WORK REQUEST: From the line with "بالفيديو- الأمن الوطني" to the line with "川崎市多摩区菅５丁目のアパートのバルコニー", retype every line exactly, including those two, and leave out the rest of the data below.
___ EXERCISE INPUTS
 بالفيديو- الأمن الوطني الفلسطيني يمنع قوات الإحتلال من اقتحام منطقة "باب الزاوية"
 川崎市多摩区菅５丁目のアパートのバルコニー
______
___ EXERCISE INPUTS
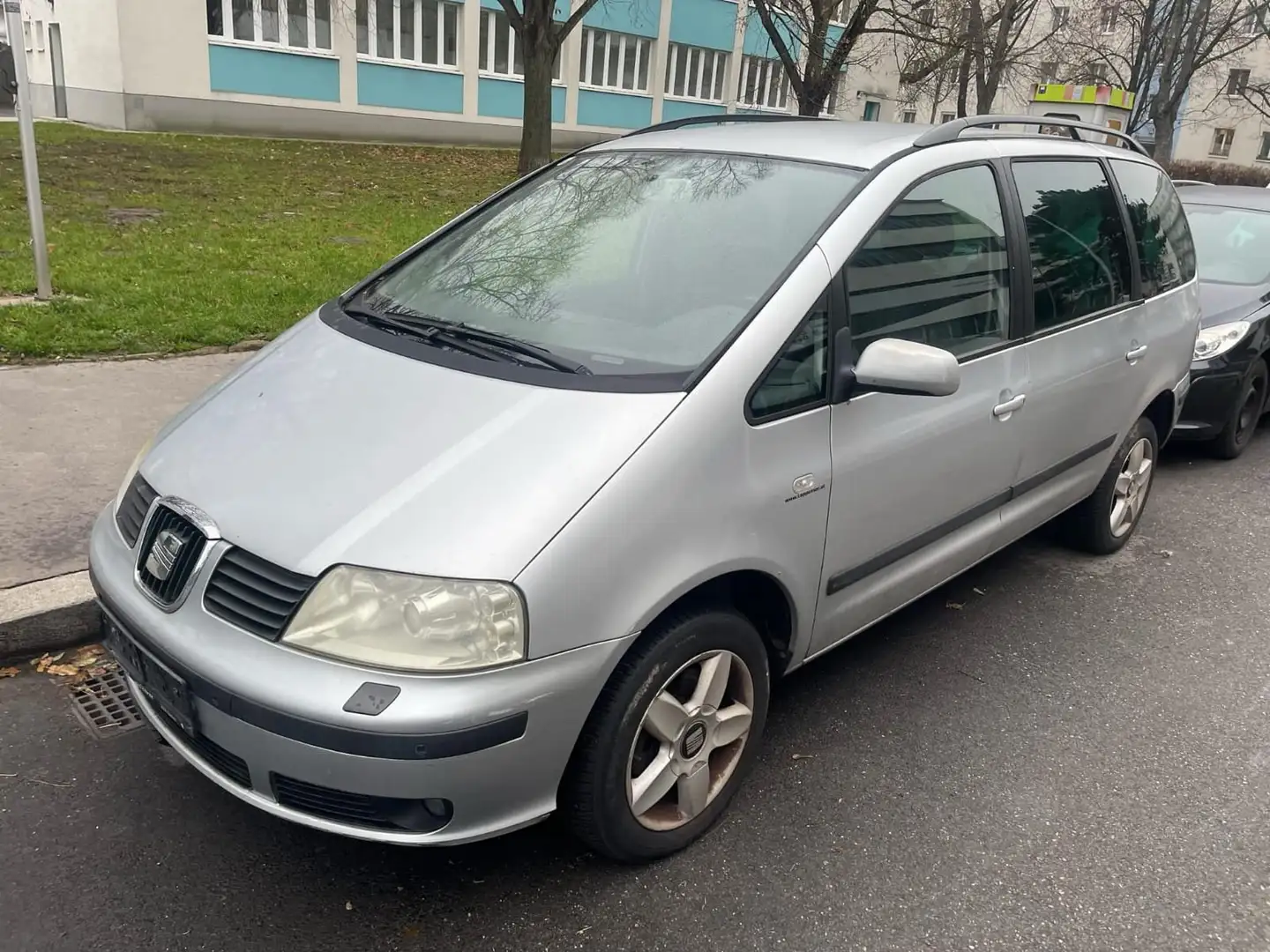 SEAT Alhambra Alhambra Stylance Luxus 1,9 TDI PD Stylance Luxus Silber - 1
______
___ EXERCISE INPUTS
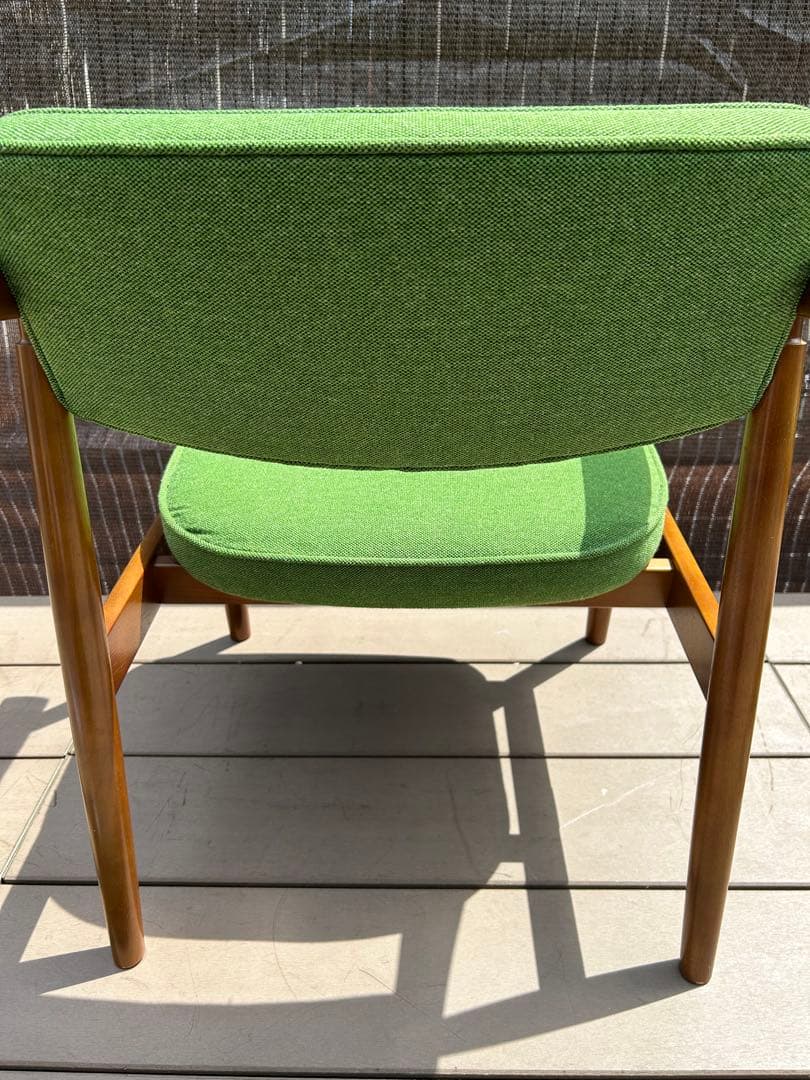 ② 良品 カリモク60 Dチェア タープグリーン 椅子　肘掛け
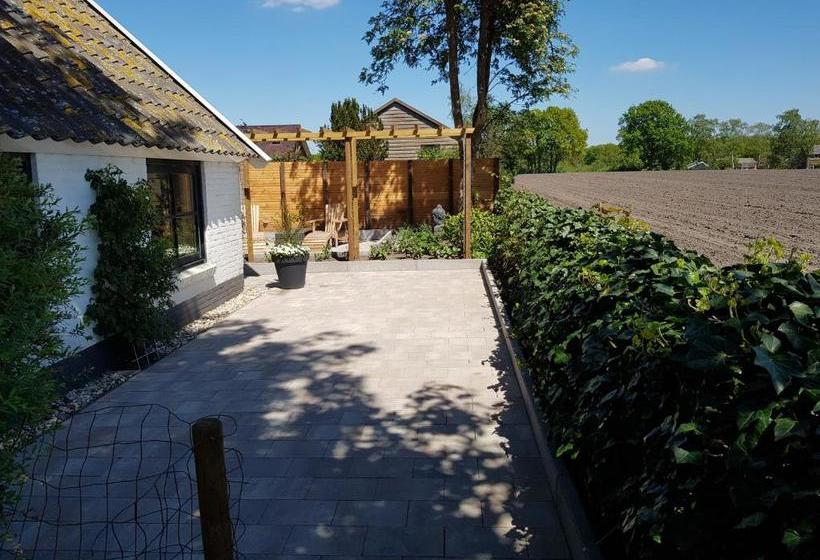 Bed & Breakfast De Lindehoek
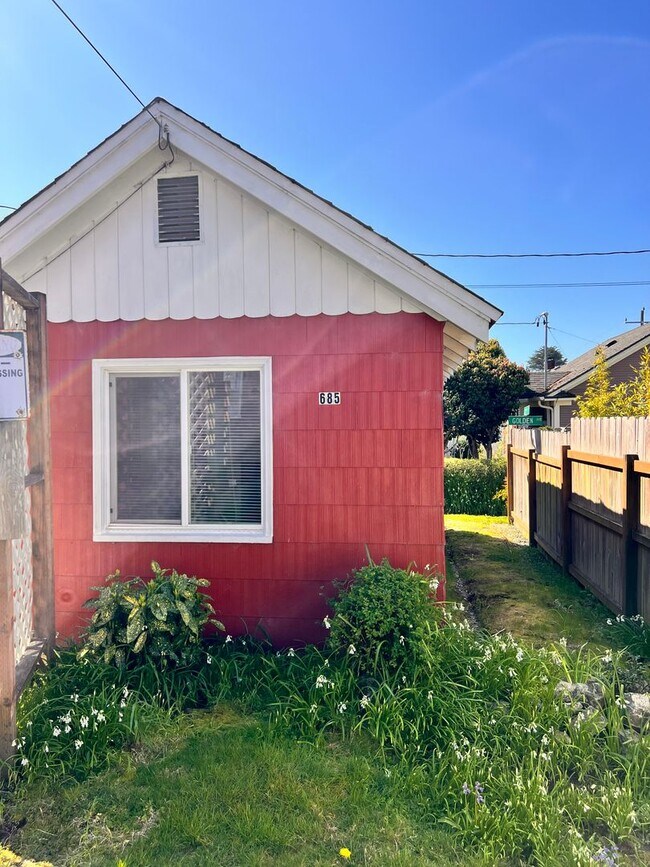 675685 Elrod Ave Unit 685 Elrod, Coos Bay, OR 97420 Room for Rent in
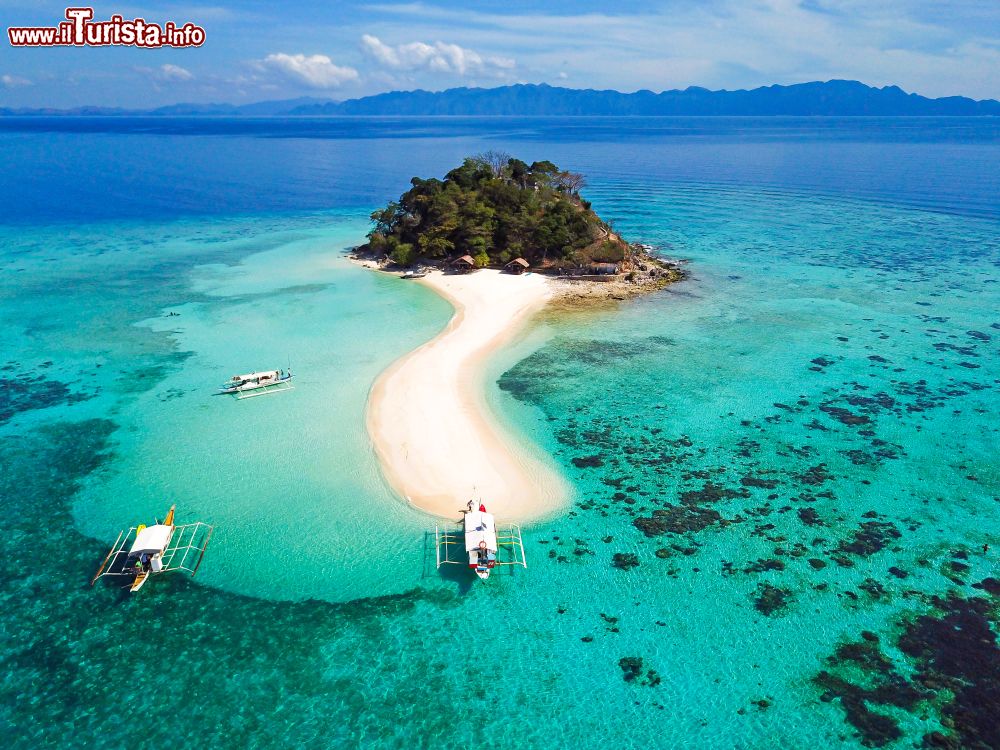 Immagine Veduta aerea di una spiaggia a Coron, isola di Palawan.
______
EXERCISE OUTPUT:
 بالفيديو- الأمن الوطني الفلسطيني يمنع قوات الإحتلال من اقتحام منطقة "باب الزاوية"
 川崎市多摩区菅５丁目のアパートのバルコニー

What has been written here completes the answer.